After expressing its support for data regulation, homegrown decacorn Paytm has now proclaimed that India requires stricter data privacy laws to prevent free movement of user details across the border, especially by global companies that have entered the country’s digital payments space in recent times.
In response to the news of Facebook’s biggest data breaches perpetrated by British big data analytics startup Cambridge Analytica that surfaced last month, Kiran Vasireddy, Chief Operating Officer at Paytm said, “What is important at present is that we as a country do not allow these entities to hijack our data, to be sold and misused for their own gain. It is quite clear that their business model lies around selling of the data in the light of the revelations by Facebook’s founder at the Congressional testimony.”
Calling for more stringent data privacy laws in India, Vasireddy added, “We are not a third world country with respect to digital issues, we do not need western companies to come in with superior technology per say and solve payments for us. These players are into payments not because they want to solve the payments problem in India. They are here because (for them payments) data is the missing point in the puzzle right now.”
Earlier, Paytm founder Vijay Shekhar Sharma had said, “Data or apps need to be regulated to the extent that individuals have privacy, control, and ownership of their data and can control who can or cannot use their data. Right now, there’s neither a privacy law in the country, nor restrictions to corporates who are using that data.”
Sharma and Kiran’s statements come less than two weeks after the RBI asked all payment system operators in the country to store data – pertaining to their customers – within India. The move, it is believed, is geared towards ensuring that user details remain secure against privacy breaches.
As per reports, the payment system companies have been given six months to comply with the newly-released norms.
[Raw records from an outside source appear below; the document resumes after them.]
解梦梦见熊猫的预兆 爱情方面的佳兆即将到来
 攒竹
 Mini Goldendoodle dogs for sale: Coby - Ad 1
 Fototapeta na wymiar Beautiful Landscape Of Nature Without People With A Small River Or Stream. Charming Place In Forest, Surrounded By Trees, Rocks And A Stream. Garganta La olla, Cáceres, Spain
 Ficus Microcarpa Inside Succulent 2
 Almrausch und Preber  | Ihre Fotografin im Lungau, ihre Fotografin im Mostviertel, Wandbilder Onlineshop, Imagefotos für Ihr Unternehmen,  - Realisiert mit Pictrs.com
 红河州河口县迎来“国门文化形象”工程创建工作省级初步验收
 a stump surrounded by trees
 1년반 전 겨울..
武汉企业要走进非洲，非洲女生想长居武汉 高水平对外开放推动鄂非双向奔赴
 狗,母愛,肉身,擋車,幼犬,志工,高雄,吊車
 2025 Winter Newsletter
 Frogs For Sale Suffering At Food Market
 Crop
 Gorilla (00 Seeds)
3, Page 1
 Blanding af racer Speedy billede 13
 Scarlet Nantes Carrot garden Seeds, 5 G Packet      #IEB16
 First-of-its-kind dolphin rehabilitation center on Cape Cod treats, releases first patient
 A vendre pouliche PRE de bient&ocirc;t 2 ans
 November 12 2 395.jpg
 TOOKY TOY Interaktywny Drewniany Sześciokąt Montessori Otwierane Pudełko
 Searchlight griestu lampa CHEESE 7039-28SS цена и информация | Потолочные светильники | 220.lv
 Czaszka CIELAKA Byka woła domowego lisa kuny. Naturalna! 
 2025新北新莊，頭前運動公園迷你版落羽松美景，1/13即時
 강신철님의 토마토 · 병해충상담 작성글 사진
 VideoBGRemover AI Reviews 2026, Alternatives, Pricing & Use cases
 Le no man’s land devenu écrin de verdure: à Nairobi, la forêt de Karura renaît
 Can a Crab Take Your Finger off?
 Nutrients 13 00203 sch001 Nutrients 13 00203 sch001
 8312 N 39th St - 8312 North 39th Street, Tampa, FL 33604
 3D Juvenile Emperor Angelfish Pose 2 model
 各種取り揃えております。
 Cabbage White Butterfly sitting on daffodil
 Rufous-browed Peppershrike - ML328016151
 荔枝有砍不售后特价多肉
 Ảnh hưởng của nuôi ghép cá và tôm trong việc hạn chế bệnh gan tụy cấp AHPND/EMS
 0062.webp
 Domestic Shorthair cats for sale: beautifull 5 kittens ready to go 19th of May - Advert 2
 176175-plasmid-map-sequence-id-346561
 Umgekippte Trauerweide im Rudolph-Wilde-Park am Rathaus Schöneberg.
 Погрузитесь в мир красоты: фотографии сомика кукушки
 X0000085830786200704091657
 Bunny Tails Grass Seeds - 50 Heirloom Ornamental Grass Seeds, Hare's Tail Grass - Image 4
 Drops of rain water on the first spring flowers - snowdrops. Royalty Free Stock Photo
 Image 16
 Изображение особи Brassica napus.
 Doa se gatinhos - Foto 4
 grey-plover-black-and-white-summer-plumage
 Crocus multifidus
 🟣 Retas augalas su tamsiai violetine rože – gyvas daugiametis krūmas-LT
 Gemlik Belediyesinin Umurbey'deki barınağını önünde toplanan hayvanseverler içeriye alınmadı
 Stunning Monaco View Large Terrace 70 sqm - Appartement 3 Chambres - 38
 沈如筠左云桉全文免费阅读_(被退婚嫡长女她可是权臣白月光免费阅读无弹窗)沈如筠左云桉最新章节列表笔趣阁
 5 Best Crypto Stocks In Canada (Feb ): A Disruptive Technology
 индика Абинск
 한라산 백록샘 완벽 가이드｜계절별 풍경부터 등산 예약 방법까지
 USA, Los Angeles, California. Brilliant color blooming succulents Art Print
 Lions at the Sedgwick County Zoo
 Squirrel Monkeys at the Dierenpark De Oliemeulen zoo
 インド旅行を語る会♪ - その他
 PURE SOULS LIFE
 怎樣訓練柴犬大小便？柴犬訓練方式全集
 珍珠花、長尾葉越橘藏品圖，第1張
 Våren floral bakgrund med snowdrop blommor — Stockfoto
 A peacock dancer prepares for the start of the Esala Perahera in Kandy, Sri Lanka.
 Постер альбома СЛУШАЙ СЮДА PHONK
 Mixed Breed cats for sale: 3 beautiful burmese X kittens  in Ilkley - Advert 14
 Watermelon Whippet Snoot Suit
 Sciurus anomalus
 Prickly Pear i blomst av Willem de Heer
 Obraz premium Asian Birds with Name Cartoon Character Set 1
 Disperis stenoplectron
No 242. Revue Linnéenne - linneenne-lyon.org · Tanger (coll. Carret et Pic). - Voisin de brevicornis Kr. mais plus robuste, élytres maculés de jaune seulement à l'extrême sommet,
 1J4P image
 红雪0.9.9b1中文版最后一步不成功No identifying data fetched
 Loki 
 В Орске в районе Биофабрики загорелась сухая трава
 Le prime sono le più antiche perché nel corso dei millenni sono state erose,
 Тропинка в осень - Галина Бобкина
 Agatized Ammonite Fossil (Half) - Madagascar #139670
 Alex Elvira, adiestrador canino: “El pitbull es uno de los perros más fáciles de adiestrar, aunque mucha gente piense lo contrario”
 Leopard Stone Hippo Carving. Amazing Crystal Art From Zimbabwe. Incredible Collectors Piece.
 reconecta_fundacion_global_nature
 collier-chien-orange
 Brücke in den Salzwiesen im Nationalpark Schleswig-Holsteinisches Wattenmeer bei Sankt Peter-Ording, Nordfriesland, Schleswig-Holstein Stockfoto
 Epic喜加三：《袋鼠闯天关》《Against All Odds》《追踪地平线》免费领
On the latest guidelines, the central bank said in a statement, “Ensuring the safety and security of payment systems data by adoption of the best global standards and their continuous monitoring and surveillance is essential to reduce the risks from data breaches while maintaining a healthy pace of growth in digital payments.”
According to the RBI, currently, only a certain percentage of payment system operators and their outsourcing partners store the user data within the country, either partially or completely.
The decision has come at a time when digital payments in the country have been showing no signs of slowing down. According to the RBI, in January 2018, transactions worth $2 Tn (INR 131.95 Tn) were carried out on mobile wallets. This is in sharp contrast to the $1.9 Tn (INR 125.51 Tn) clocked in December 2017.
As per the latest data, UPI-enabled app BHIM recorded 1 Bn transactions in FY 2017-18, crossing the value worth $15.36 Bn (INR 1 Tn).
The digital payments sector is projected to reach $500 Bn by 2020, contributing 15% of India’s GDP, as per a recent report by Google and Boston Consulting Group. A report by Credit Suisse predicts that the market, which is currently worth around $200 Bn, is expected to grow five-fold to reach $1 Tn by 2023.
With the new RBI norms mandating payment system operators to store data within the country, and established players like Paytm voicing their support for stricter data privacy laws, the country’ digital payments sector could undergo massive changes in the coming months.